My cousin Laura gave me this recipe a few years ago and we love it for special occasions! These burgers are out of this world, I'm telling y'all!
- 1 750-ml bottle Cabernet Sauvignon (we use two buck chuck)
- 1/4 cup minced shallots
- 9 tablespoons unsalted butter, room temperature
- 2 teaspoons golden brown sugar (we only use one)
- 1 tablespoon minced fresh rosemary
- 1 1/2 pounds ground beef
- 1 teaspoon salt
- 1/2 teaspoon ground black pepper
- 1 cup (packed) coarsely grated extra-sharp white cheddar cheese (we use slices)
- 4 4 1/2-inch squares focaccia, cut horizontally in half (we use onion buns)
- 8 large tomato slices (we omit)
- 2 cups arugula (we omit)
Boil wine and shallots in medium saucepan until reduced to 3/4 cup, about 20 minutes. Add 1 tablespoon butter and brown sugar; whisk until butter melts and sugar dissolves. Remove from heat.
Mix remaining 8 tablespoons butter and rosemary in small bowl. Set aside.
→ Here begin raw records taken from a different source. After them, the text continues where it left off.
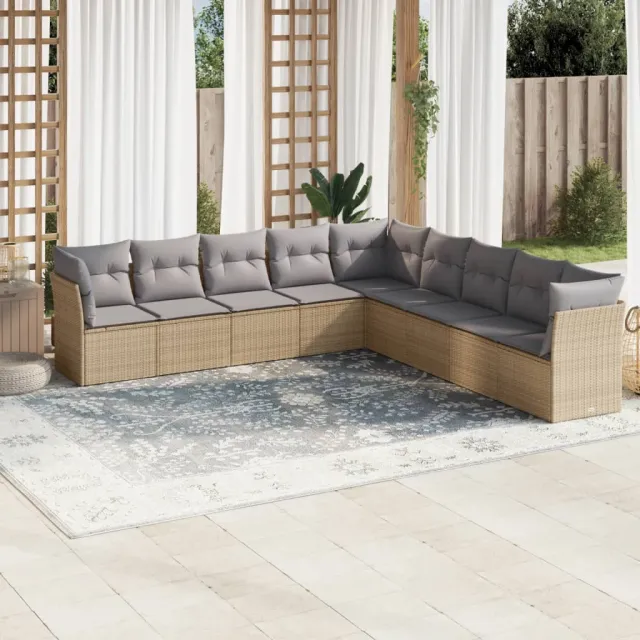 vidaXL 9-delige Loungeset met kussens poly rattan beige, foto 2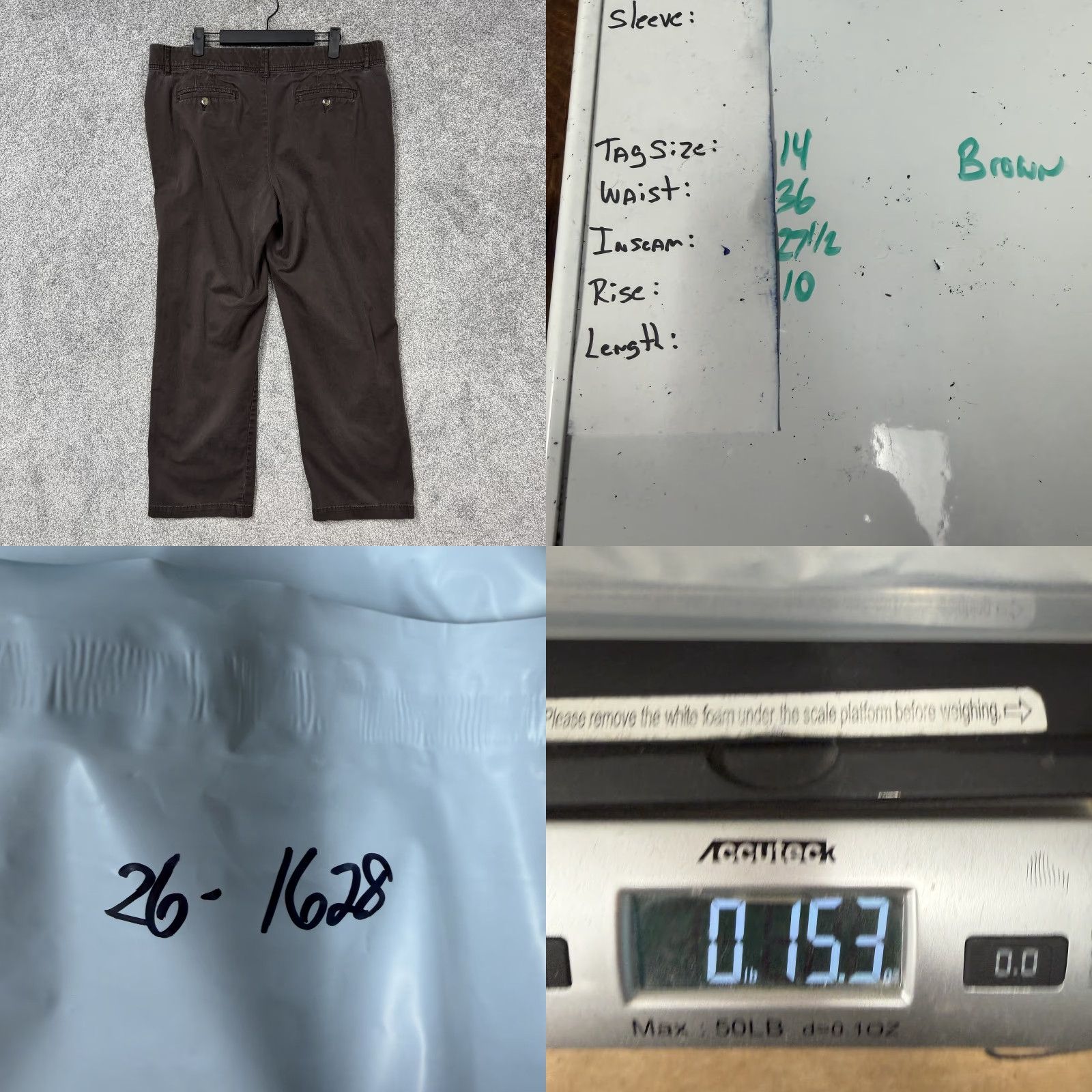 Vintage Christopher & Banks Pants Womens 14 Chino Straight Comfort Waist Brown 36 Inseam 27.5 in Twill Cotton Spandex Casual Pockets Zip Button Flat Front Size 36" / US 14 / IT 50 - 9 Thumbnail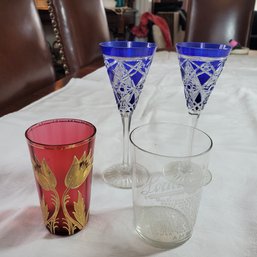 Four Special Drinking Glasses- Cobalt Blue Cut To Clear Crystal , Rose With Gold Flowers & The Lord's Prayer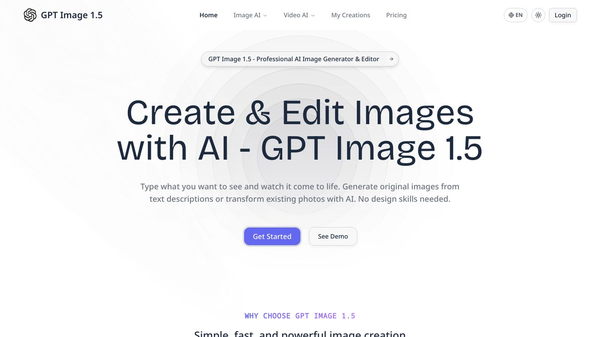GPT Image 1.5 - AI Image Generator & Editor | Create & Edit Images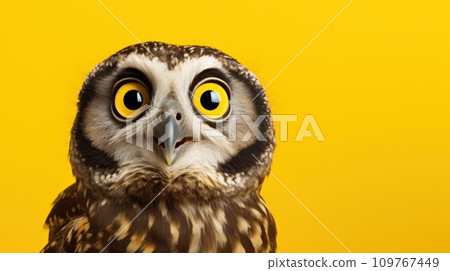 Surprised owl on yellow background. With copy space for text. Owl or eagle owl close up with large surprised yellow eyes. For poster, banner, landing page, postcard, advertising. 109767449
Prepare grill (medium-high heat). Mix beef, salt, pepper, and 1/4 cup wine-shallot mixture in bowl. Form meat into four 5-inch squares or rounds. Grill burgers until brown on bottom, about 3 minutes. Turn burgers and brush with wine-shallot mixture. Continue grilling burgers until cooked to desired doneness, turning and brushing occasionally with wine-shallot mixture, about 4 minutes longer for medium-rare. Sprinkle with cheese after last turn and grill until cheese melts.
Spread cut sides of bread with rosemary butter. Grill, cut side down, until golden, about 2 minutes.
Arrange bread, grilled side up, on plates. Top bottom halves with burgers, then tomatoes and arugula. Cover with top halves of bread.